Democratic Camp party senior member Ehud Barak on Tuesday called for a broad union of all major parties in the center and left ahead of the upcoming September 17 elections.
Alliances are seen as a way to prevent votes being wasted in support for several parties that share common political goals.
In a video posted to his Twitter account, Barak, a former prime minister and military chief, warned that while “history is within reach, so is missing [the opportunity].”
Barak directed his remarks at the leaders of the centrist Blue and White Party, as well as chiefs of the center-left Labor and center-right Gesher parties, which recently merged into a combined slate.

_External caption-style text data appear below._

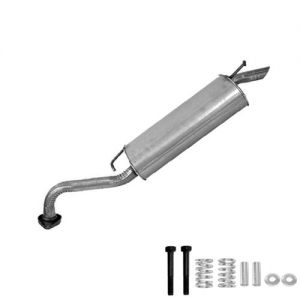 2005 Toyota Corolla L4 1.8L Muffler Assembly Before 4-05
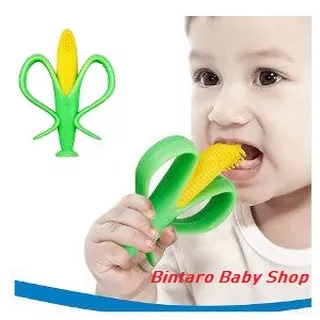 Baby CORN TEETHER and Bendable Training Toothbrush / TEETHER JAGUNG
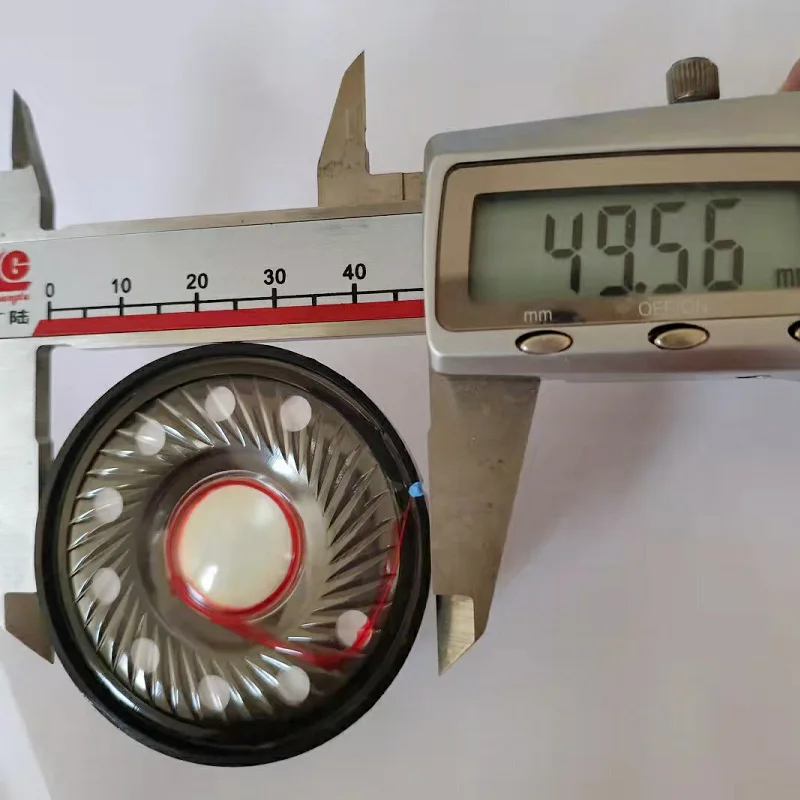 ชุดลำโพงหูฟัง50มม. 32ohm ไดรเวอร์หูฟังสวมศีรษะ115dB สำหรับอะไหล่หูฟังบลูทูธแบบสมดุล3ความถี่2ชิ้น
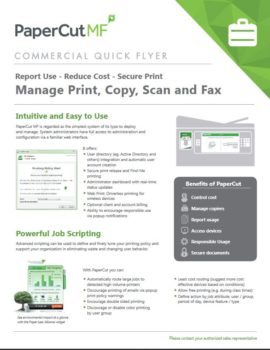 Papercut, Mf, Commercial, Connex Systems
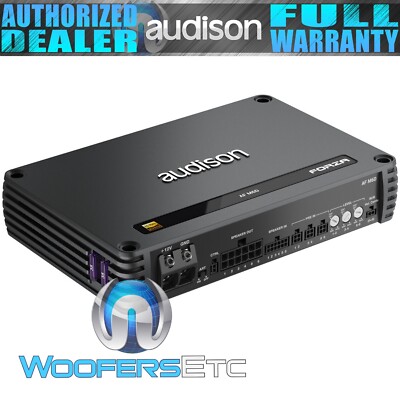 AUDISON AFM6D 6-CHANNEL X 220W RMS CONPONENT SPEAKERS TWEETERS CAR AMPLIFIER NEW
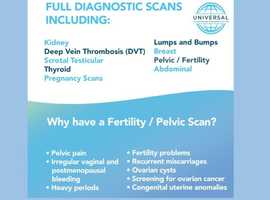 10% off all pregnancy, pelvic and fertility scans - Offer runs from 4th to 6th May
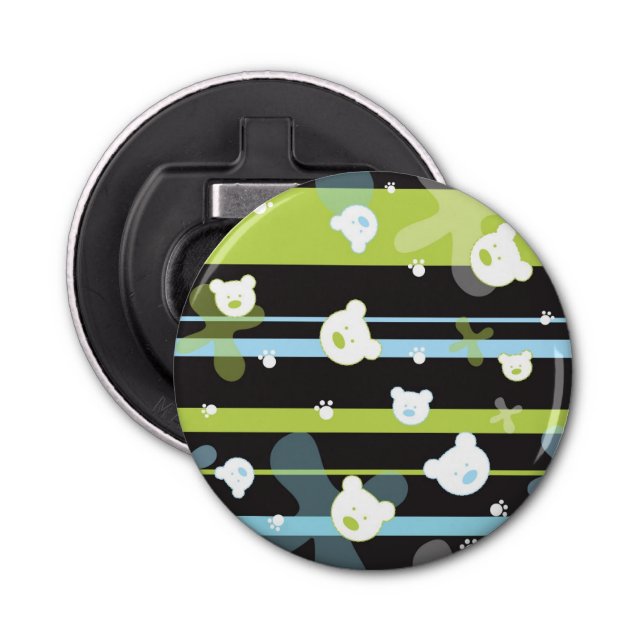 Cute pattern with little bears bottle opener (Front)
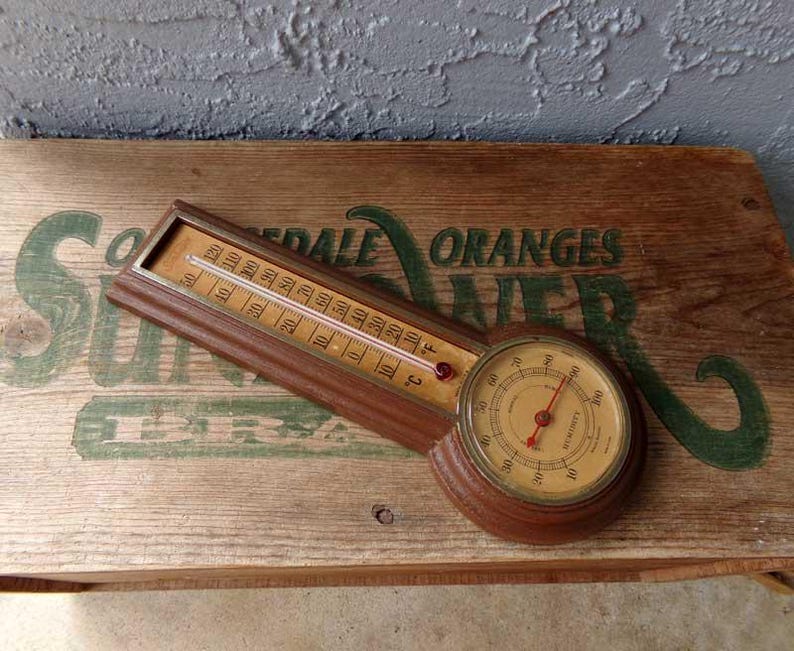 Springfield Instruments Springfield Instruments Co. Thermostat and Barometer. Vintage ...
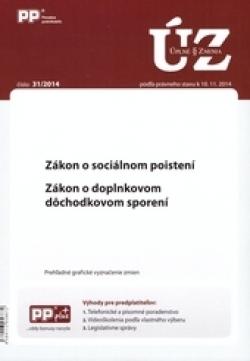 Kniha: UZZ 31/2014 Zákon o sociálnom poisteníautor neuvedený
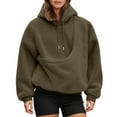 thumbnail image 1 of Kangaroo Pocket Cat Dog Pouch Hooded Sweatshirts Women Solid Long Sleeve Warm Fleece Pet Carrier Pullover Animal Holder Hoodie, 1 of 8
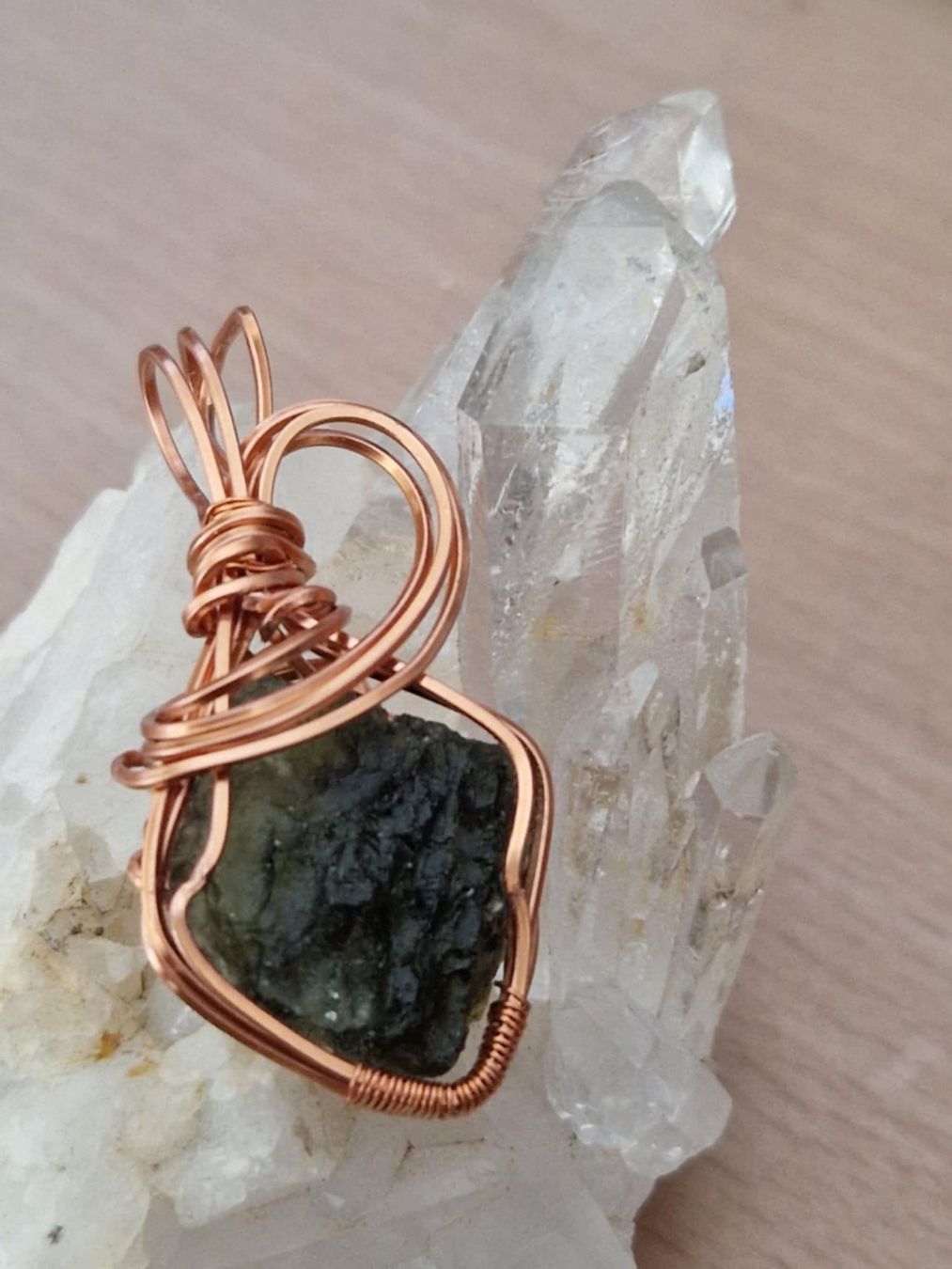 Pietre preziose: Pendentif MOLDAVITE. Lithothérapie – Nuovo (secondo la descrizione) da SAXON venduto da Mariposita1428 6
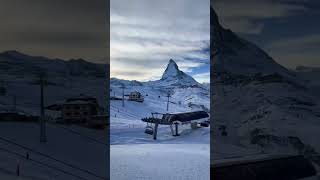 Toblerone Mountain Matterhorn Swiss 🇨🇭♥️ matterhorn toblerone mountains beauty wow [upl. by Ajoop331]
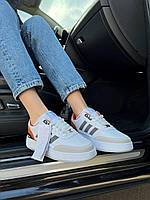Стильні кольорові жіночі кросівки Adidas Spican White/Orange. Кросівки жіночі білі Адідас Спікан, фото 7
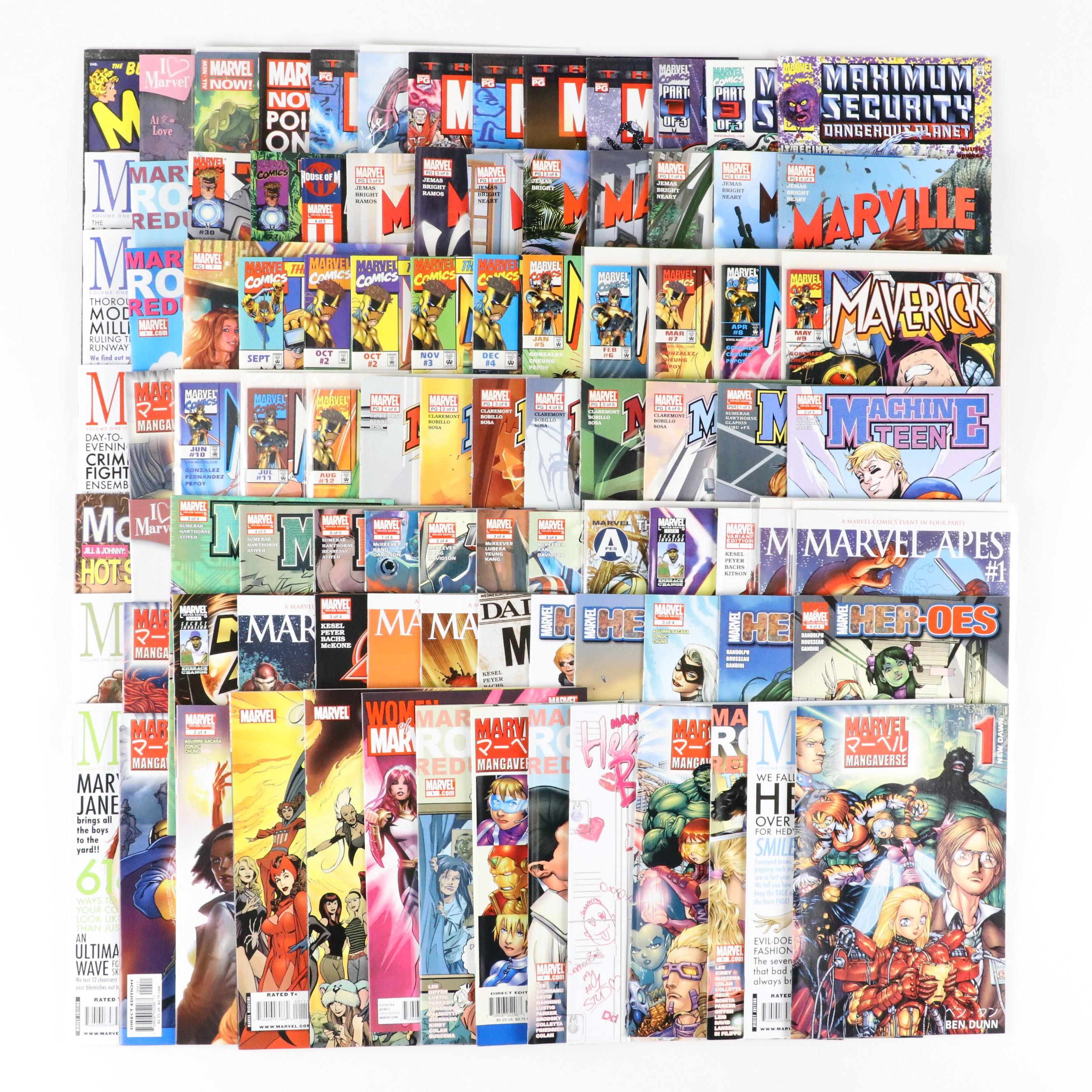 Modern Marvel Comics, Including "Marvel Apes," "Machine Teen," "Maverick," More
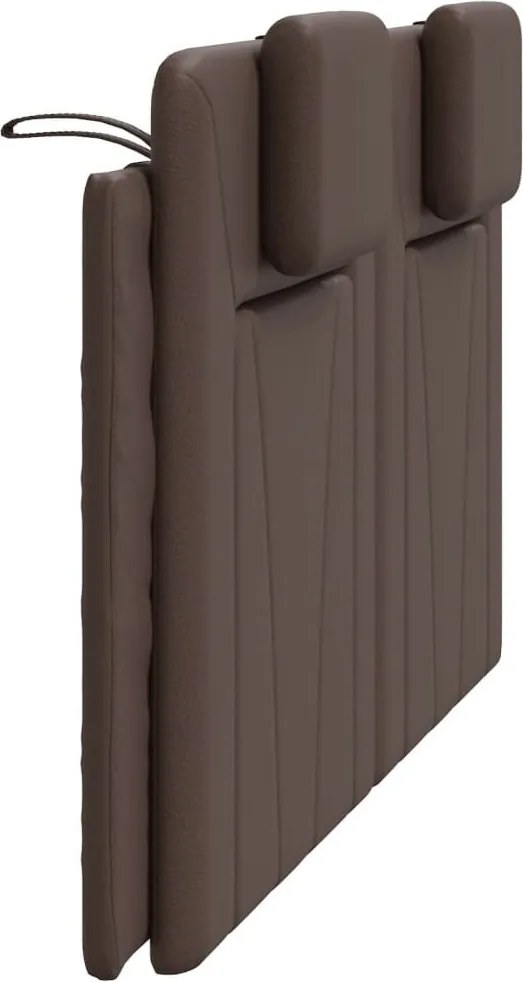 barna műbőr fejtámla párna Viana 160 cm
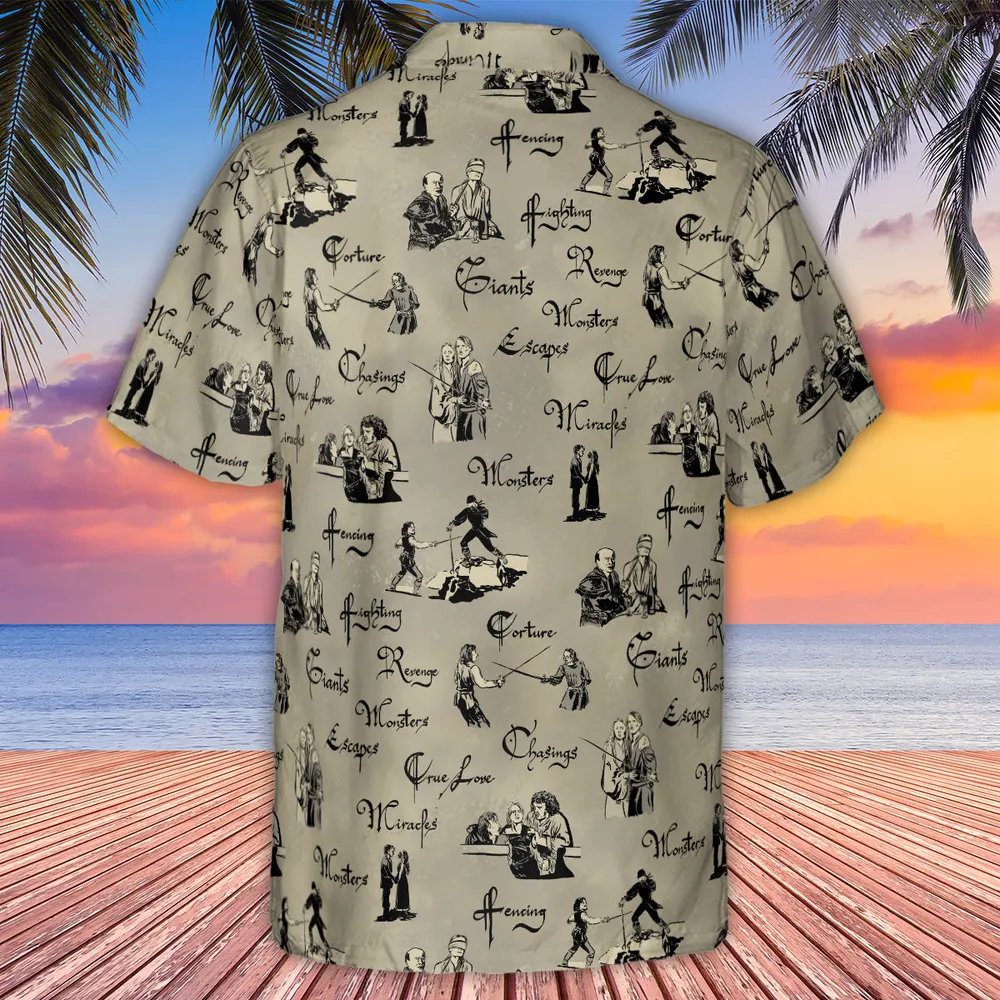 Hencing Fighting The Princess Bride Hawaiian Shirt - 3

If, on the morning after the results of the elections become clear, “you will not be able to wash your hands clean if, heaven forbid, we missed it,” Barak cautioned.
“Only a large union will ensure victory,” Barak said, adding that the Democratic Camp is “ready for any unification.”
The Democratic Camp itself was formed out of an alliance announced last week between Meretz, Barak’s Israel Democratic Party and breakaway Labor MK Stav Shaffir.
Although Labor leader Amir Peretz has said he will not form an alliance with the Democratic Camp, he has held meetings with its members, Channel 12 news reported last week.
Peretz is reportedly open to an alliance if it would enable the center-left parties to secure a majority in the 120-seat Knesset.
“If me merging brings 60 seats to the bloc, I’m with you,” Peretz was quoted as saying during a meeting Meretz MK Issawi Frej and IDP member Noa Rothman.
There has been lingering anger within Labor over Peretz’s decision to merge the party with former lawmaker Orly Levy-Abekasis’s Gesher, which is further to the right on the political spectrum and had failed to pick up enough votes to enter the Knesset in April’s elections. Yet others within Labor, notably the party’s No. 2, MK Itzik Shmuli, have pushed Peretz to cooperate with the Democratic Camp on a joint slate in effort to win as many seats as possible for the left.
The reported meeting came as a pair of television polls aired Thursday showed Labor faring even worse than the six seats it picked up in April, which marked a record low for the party whose previous iterations led Israel for nearly 30 years after the country’s founding.
Both the left and right are concerned that votes will be lost on smaller parties, which may not beat the Knesset threshold of 3.25%, worth at least four seats in parliament.
Smaller parties on both sides of the aisle have thus been maneuvering — sometimes grudgingly — into alliances in preparation for the elections and ahead of a Thursday deadline to finalize campaign slates.